# Your assignment:
Could all of the entries be written out exactly, with any pictures omitted?

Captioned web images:
——
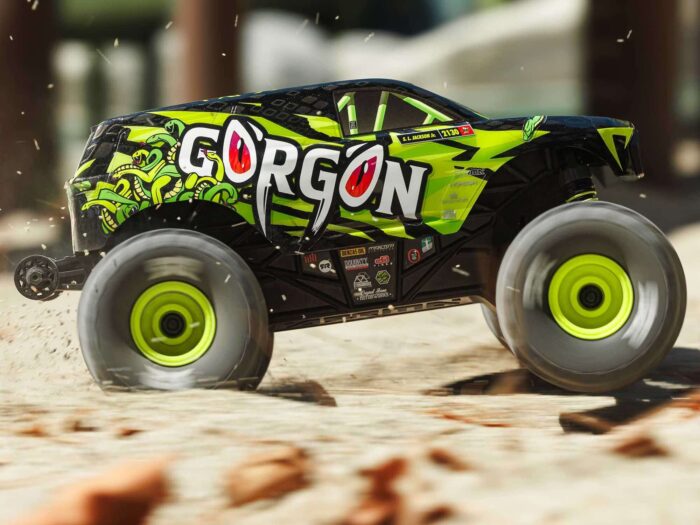 Arrma 1/16th GORGON GROM 4X4 RTR Monster Truck Yellow ARA2130T1 - Image 5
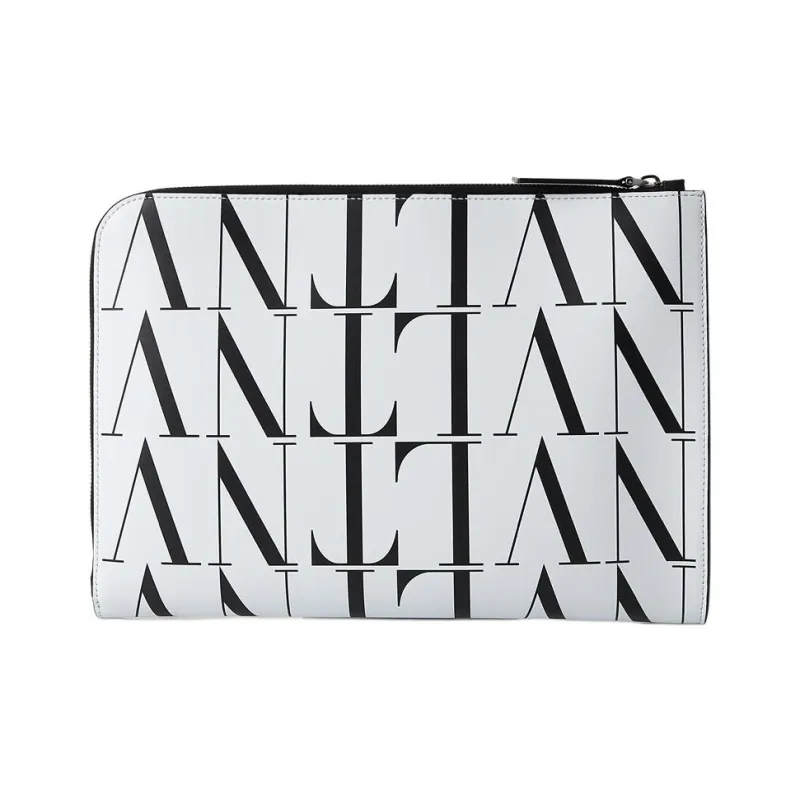 Valentino Cow Leather Clutch Women's White-2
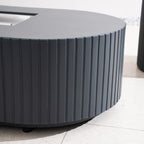 Terrafab Gas Fire Pit Table Set – Sculptural Outdoor Heating Solution (PAG - 2635) - Direct Wicker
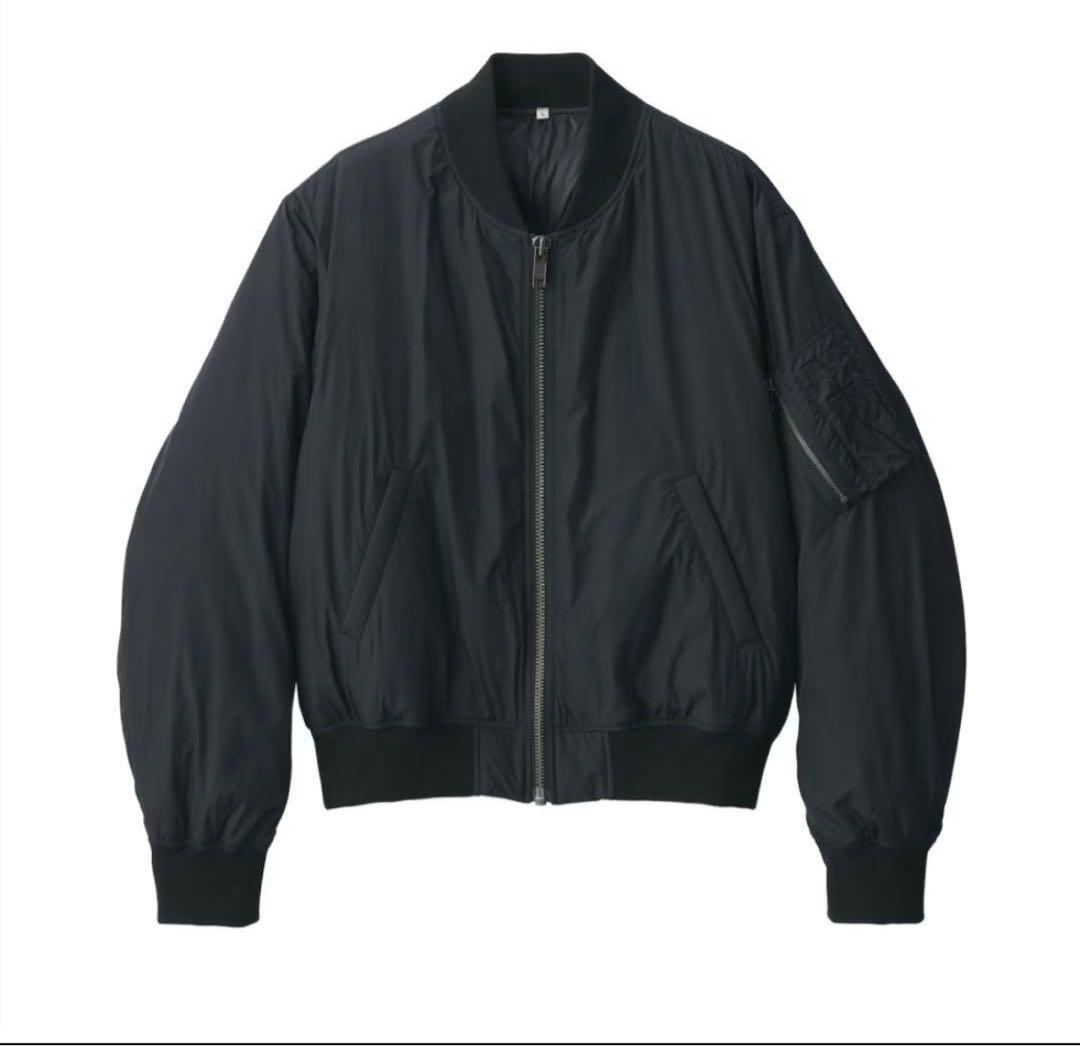MUJI Labo 無印良品 MA-1ダウンブルゾン 黒　Lサイズ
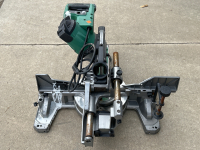 Hitachi 10" Slide Compound Miter Saw- Powers On - 3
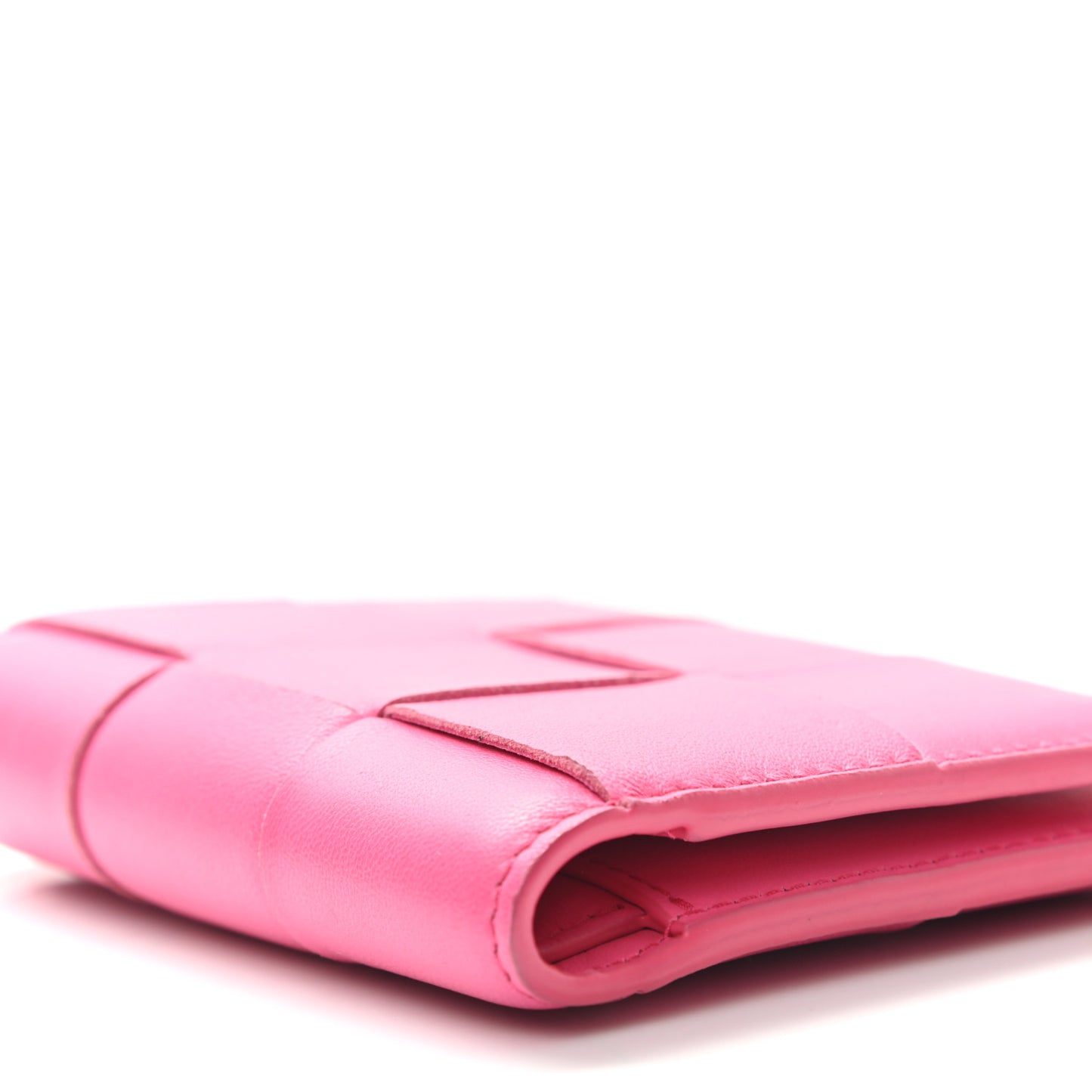 Lambskin Intrecciato Wallet Bon Bon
——
# Solution to this problem:
 Arrma 1/16th GORGON GROM 4X4 RTR Monster Truck Yellow ARA2130T1 - Image 5
 Valentino Cow Leather Clutch Women's White-2
 Terrafab Gas Fire Pit Table Set – Sculptural Outdoor Heating Solution (PAG - 2635) - Direct Wicker
MUJI Labo 無印良品 MA-1ダウンブルゾン 黒　Lサイズ
 Hitachi 10" Slide Compound Miter Saw- Powers On - 3
 Lambskin Intrecciato Wallet Bon Bon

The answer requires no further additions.